When the request message arrives at the server, the RPC framework will:
Parse the message, figure out what function is being requested, and deserialize the data to the right argument types
Invoke the "real" implementation of incrementBy on the provided arguments
Construct a message containing the result
This involves serializing the result (in this case, just 10,
(assuming this is the first time f has run, so total was still
0))
Send this message back to the client
Such messages are called "responses"
When the response arrives back on the client, the stub continues executing:
Parse the response message
Return the result from the stub to the caller.
The key points to notice about RPCs are:
When we implement incrementBy on the server, we just wrote a normal function
When we wanted to call incrementBy on the client, we just wrote a normal function call
The RPC library has to do a bunch of work to make this nice interface possible
Finally, notice that this RPC is stateful: it causes the server to update some state
In this very simple example, just a global variable on the server
But state is very common, and often the server would actually store the state in a database or some other backend
(and the server would communicate with that backend via further RPCs)
If you have an RPC that doesn't manipulate state on the server, then several
optimizations (e.g., caching) become possible that are not possible for
general stateful RPCs.
"Naive" RPC as a distributed protocol
So far we've focused on the programmer's perspective.
Now let's look at our RPC mechanism as a distributed protocol.
We will call the RPC mechanism we've described above "naive RPC",
because as it turns out, it is lacking in several respects, and we
will need to improve it further for it to be useful.
Naive RPC as a distributed protocol:
Preface:
Goals:
Allow clients to call functions that are executed on the server.
This is challenging because the network is unreliable and the server
might crash, so it is difficult for the clients to tell whether their
requests have been executed by the server or not.
(Handling server crashes will take us a few weeks to work up to
properly, but it is an important eventual goal! For lab 1, we will
mostly focus on tolerating network failures.)
Protocol:
Kinds of node:
There are two kinds of nodes: clients and servers.
There can be any number of clients and any number of servers.
State at each kind of node:
Client: None.
Server: None beyond what is required to execute the functions provided over RPC.
Messages:
Request message
Source: Clients
Destination: Servers
Contents:
What function the client is requesting to call.
The (serialized) arguments to pass to that function.
When is it sent?
Whenever a client wants to invoke an RPC.
What happens at the destination when it is received?
The server calls the (local) function on the (deserialized)

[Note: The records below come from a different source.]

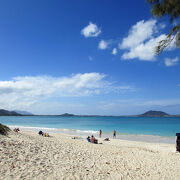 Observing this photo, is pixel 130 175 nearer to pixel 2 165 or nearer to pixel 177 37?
pixel 2 165

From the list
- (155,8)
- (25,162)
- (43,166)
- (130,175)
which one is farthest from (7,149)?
(155,8)

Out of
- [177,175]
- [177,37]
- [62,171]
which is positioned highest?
[177,37]

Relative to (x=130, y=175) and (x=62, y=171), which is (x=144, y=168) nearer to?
(x=130, y=175)

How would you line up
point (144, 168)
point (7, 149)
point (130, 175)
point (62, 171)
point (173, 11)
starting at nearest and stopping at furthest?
point (173, 11) < point (62, 171) < point (130, 175) < point (7, 149) < point (144, 168)

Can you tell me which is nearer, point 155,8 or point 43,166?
point 155,8

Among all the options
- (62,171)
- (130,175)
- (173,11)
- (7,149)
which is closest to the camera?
(173,11)

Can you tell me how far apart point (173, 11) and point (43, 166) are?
740cm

provided arguments and sends a response message back to the client
with the (serialized) return value.
Response message
Source: Servers
Destination: Clients
Contents:
The (serialized) return value from the function.
When is it sent?
When a server finishes executing a request.
What happens at the destination when it is received?

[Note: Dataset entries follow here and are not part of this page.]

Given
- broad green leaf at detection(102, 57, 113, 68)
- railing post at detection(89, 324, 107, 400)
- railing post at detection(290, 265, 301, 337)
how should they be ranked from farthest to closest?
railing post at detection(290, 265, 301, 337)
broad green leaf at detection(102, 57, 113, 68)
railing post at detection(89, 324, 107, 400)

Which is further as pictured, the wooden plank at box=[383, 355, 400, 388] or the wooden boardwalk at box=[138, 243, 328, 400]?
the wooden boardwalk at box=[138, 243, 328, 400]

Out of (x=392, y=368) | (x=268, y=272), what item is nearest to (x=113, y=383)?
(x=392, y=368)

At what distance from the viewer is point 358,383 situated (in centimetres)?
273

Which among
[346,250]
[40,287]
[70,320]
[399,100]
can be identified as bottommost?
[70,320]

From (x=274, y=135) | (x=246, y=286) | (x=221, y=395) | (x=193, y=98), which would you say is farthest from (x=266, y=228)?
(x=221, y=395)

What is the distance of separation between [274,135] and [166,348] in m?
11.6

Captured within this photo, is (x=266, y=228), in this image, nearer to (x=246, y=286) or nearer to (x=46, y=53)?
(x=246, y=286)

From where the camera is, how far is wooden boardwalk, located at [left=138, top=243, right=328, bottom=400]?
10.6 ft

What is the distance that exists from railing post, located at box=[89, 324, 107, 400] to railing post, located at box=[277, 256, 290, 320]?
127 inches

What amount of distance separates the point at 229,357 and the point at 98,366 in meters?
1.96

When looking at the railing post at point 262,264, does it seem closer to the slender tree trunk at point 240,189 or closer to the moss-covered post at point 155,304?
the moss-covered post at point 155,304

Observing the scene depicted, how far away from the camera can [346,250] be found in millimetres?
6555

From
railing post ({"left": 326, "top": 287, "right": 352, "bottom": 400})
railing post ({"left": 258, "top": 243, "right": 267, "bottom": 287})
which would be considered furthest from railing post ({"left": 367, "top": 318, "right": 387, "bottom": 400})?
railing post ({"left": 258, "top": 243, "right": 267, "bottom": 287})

The client deserializes the return value and returns it to the application layer.
This is our first example of a distributed protocol. A few things to notice:
The description of the protocol is detailed, but higher level than code.
It should contain enough information that another 552 student could
implement the protocol without having to make any "distributed" design
decisions.
(They might have to make some "local" design decisions about what data
structure to use to store state on each node. That's fine and in fact
should not appear in the protocol.)
The description follows a structured format. We will talk more about this
later. Most importantly, it lists the kinds of nodes, what state they store,
what messages they exchange, and what they do when each message is delivered.
(Later protocols will use timers as well as messages.)
Our next question is: Does the protocol meet its goal?
Well, yes and no.
If there are no failures and the network works reliably, then this protocol
works fine and achieves its goal.
What about if there are failures or the network is not reliable?
That's the fault model we actually care about!
It turns out, the answer is no. This protocol does not tolerate almost any failures.
To see why, we need to do a fault tolerance analysis.
Failures in Naive RPC
A fault tolerance analysis is answers to the following questions:
For each message, how does the protocol handle delays, reorderings,
drops, and duplicates?
For each node, how does the protocol handle the case where that node crashes
fail-stop?
Some important failure cases for RPC
What kinds of failures can happen in our failure model?
Messages delayed, reordered, dropped, and duplicated.
Nodes crash.
Ok, so what are our messages, and what are our nodes?
Messages: Request and Response
Nodes: Client and Server
So we have a bunch of questions to answer—one for each combination of
message and network failure, and one for each node crashing.
Here are some good ones to start with for our discussion:
What if the request message gets dropped?
What if the server crashes fail-stop?
Before the request is sent?
After the request is sent but before it arrives at the server?
After the request is received by the server but before a response is sent?
After the response is sent?
What if the response message gets dropped?
What if a very old request message gets delivered later?
What if a very old response message gets delivered later?
The naive protocol fails in many of these cases:
What if the request message gets dropped?
The client waits forever and never gets its RPC executed. Bad.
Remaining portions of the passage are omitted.